October 3, 2019 (JUBA) – A South Sudanese civil society entity has welcomed South Sudan Opposition Movements (SSOM) alliance’s recent demand for dialogue with President Salva Kiir’s government.
- South Sudanese civil society activist Edmund Yakani (The Niles/File)
In a statement issued on Friday, Community Empowerment for Progress Organization (CEPO) said it fully supports the opposition’s on the need for dialogue than violence to resolve political differences.
“This is clear sense of nationalism and responsibility for making stability prevails in South Sudan.
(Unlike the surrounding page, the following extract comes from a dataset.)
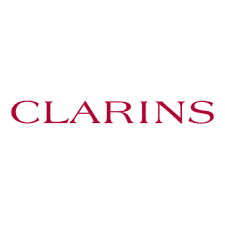 CLARINS
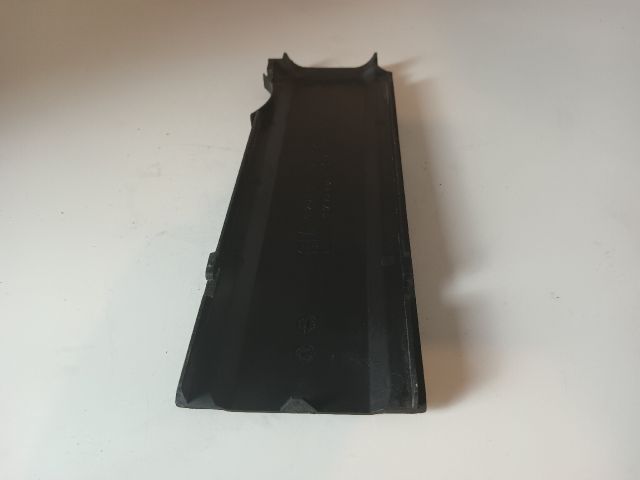 bontott OPEL CORSA D Felső Motorburkolat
This call should be taken serious by both the government and SSOM. CEPO appreciates the positive response of SSOM to our regular calls for resolution of the political difference in a non-violent manner,” CEPO said in a statement.
It said the conflicting political parties not signatory to the peace deal should give chance for dialogue than violence for resolving their political difference with the government while also urging the Juba regime to give dialogue a chance instead of resorting to violence.
“Further continuous of violence in South Sudan offers great risk for taking the country to the worse situation nobody ever wishes,” noted CEPO.
Meanwhile, CEPO is urging the regional bloc (IGAD) special envoy to South Sudan to take seriously SSOM’s call and facilitate the dialogue.
On Wednesday, members the opposition alliance demanded for dialogue with Kiir’s government, saying it is the only “genuine” and “meaningful” way of achieving lasting peace in the young nation.
The group, in a statement, expressed dismay at what it described as President Kiir’s withdrawal of earlier calls for a peaceful resolution, through dialogue with non-signatories to the September peace deal.
Separately, the opposition movement alliance also criticized David Shearer, the head of the United Nations Mission in South Sudan (UNMISS), after he attributed the surge in violence in the country to the activities of non-signatories to the September 2018 peace deal.
The group said as co-signatories to the December 2017 Cessation of Hostilities Agreement; they will respectfully abide by and uphold it.
South Sudan descended into war in December 2013 when Kiir accused Machar of plotting a coup.
In September 2018, the rival factions involved in the conflict signed a peace deal to end the conflict that has killed tens of thousands of people and displaced over 2 million people in the country.